Postby snowbug » Tue Aug 11, 2009 11:25 pm

So far I've seen tons of discussion regarding how DTB works, when you take entry, etc., but I didn't find a good thread discussing the existing strategy when the trade does not go as you hope. And I think it's an equally important topic for profitable trading.

TRO mentioned that in trading "anything can happen", and he also made the analogy that trading is like driving a car, you react to what you see on the road instead of predict what will happen. So I wonder for those who trading DTB successfully, how do you manage trades that go against you to stay profitable?

TRO also mentioned that you pretty much have three options: exit the trade, hold on to it, or add position. But how do you choose among these options? Can you explain the thought process when you make a decision on choosing one of these options?

I understand there won't be a "correct" or "incorrect" answer, as it is influenced by many factors like account size, trading style, personality, etc.

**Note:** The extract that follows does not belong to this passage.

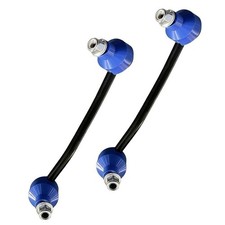 Front Sway Bar Link Steering Rod Cornering Stability Precision Fit Reduces Noise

Let's concentrate on discuss the reasons behind a decision if you choose one of the options, not simply giving a formula to follow. I hope this thread can help each one THINK and CREATE a strategy that suit himself / herself, by learn from the collective wisdoms of the traders on this board.

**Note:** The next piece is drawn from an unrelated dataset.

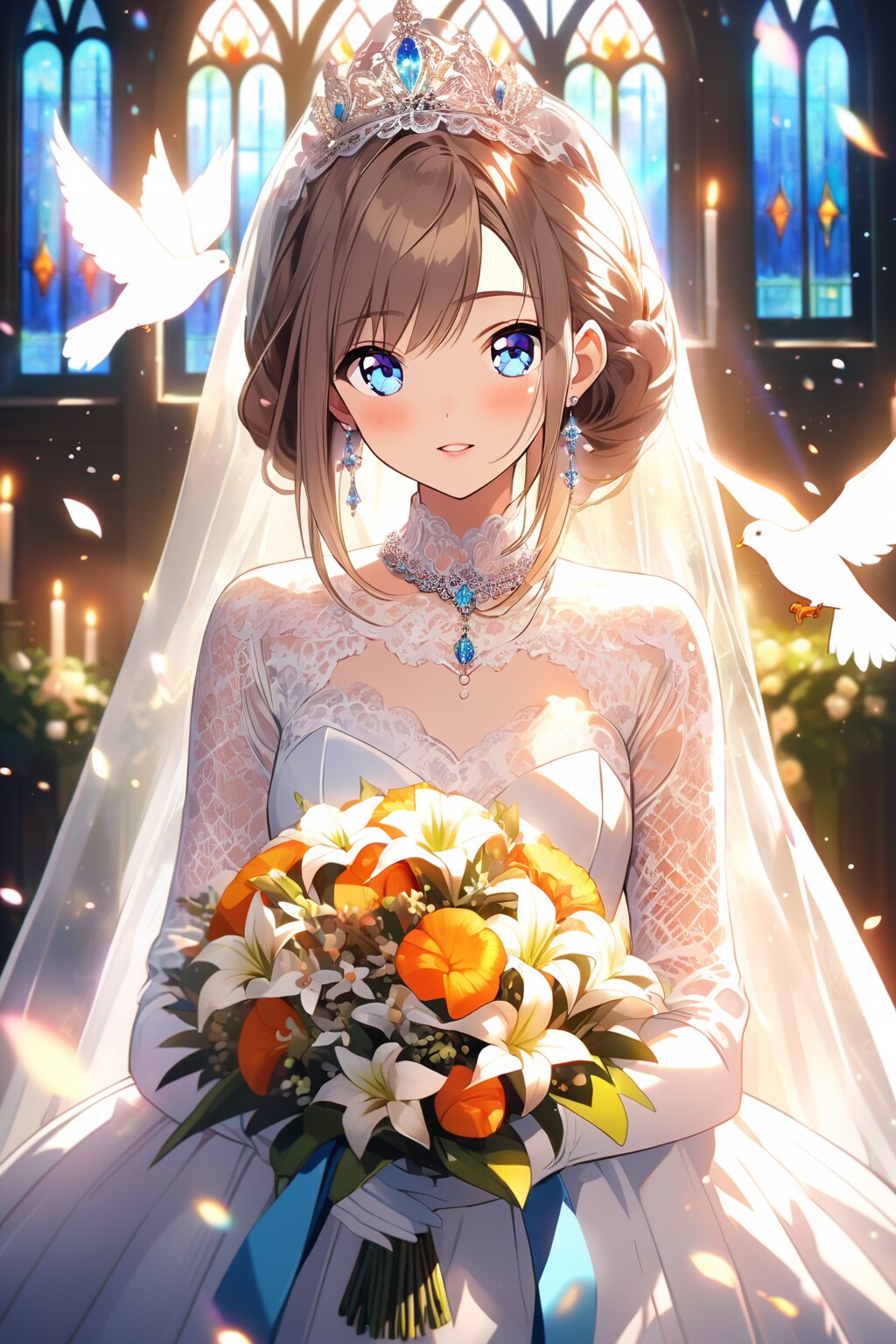Beautiful Bride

Here is my thoughts on this:
Adding position eventually will avoid any losing trades and make every trade profitable, if you are able to maintain enough net account balance to avoid a margin call.

Margin call policy differs from broker to broker, and MBTrading's webpage contains some conflicting calculations regarding its margin calls policy. I'll assume that with a 100:1 leverage, one needs to maintain additional 50% of the margin requirement to avoid margin call, so for a USD based currency, a $1000 account will only allow you to have 1000/(100*1.5) = 6 mini lots. This means that you can add 1 position 5 times to your original trade based on the assumptions, and you better be in profit after adding these positions. Apparently this is too risky so one probably can reduce the initial lot size to 0.5 mini lot or even lower so you can add 1 position 10 times or more to lower your average entry cost. - Note that the commission costs for all positions also need to be considered.
It's hard to determine how effective you can lower your average cost by adding positions, as it depends on when you are adding to it. If you add positions at fixed interval (say 1 position every 100 pips down), you basically average down to 50% of the actual draw down compare with not adding positions. So for example, if you are long USD/JPY at 96 and the price keeps dropping, if you add 1 position for every 100 pip of drop, after adding 10 positions, the price is at 87 and your average cost for all the positions is ate 91.5, 450 pips in loss instead of 900 pips in loss if no position is added. This means that the price need to retrace 50% to allow you exit all positions breakeven (not counting commissions).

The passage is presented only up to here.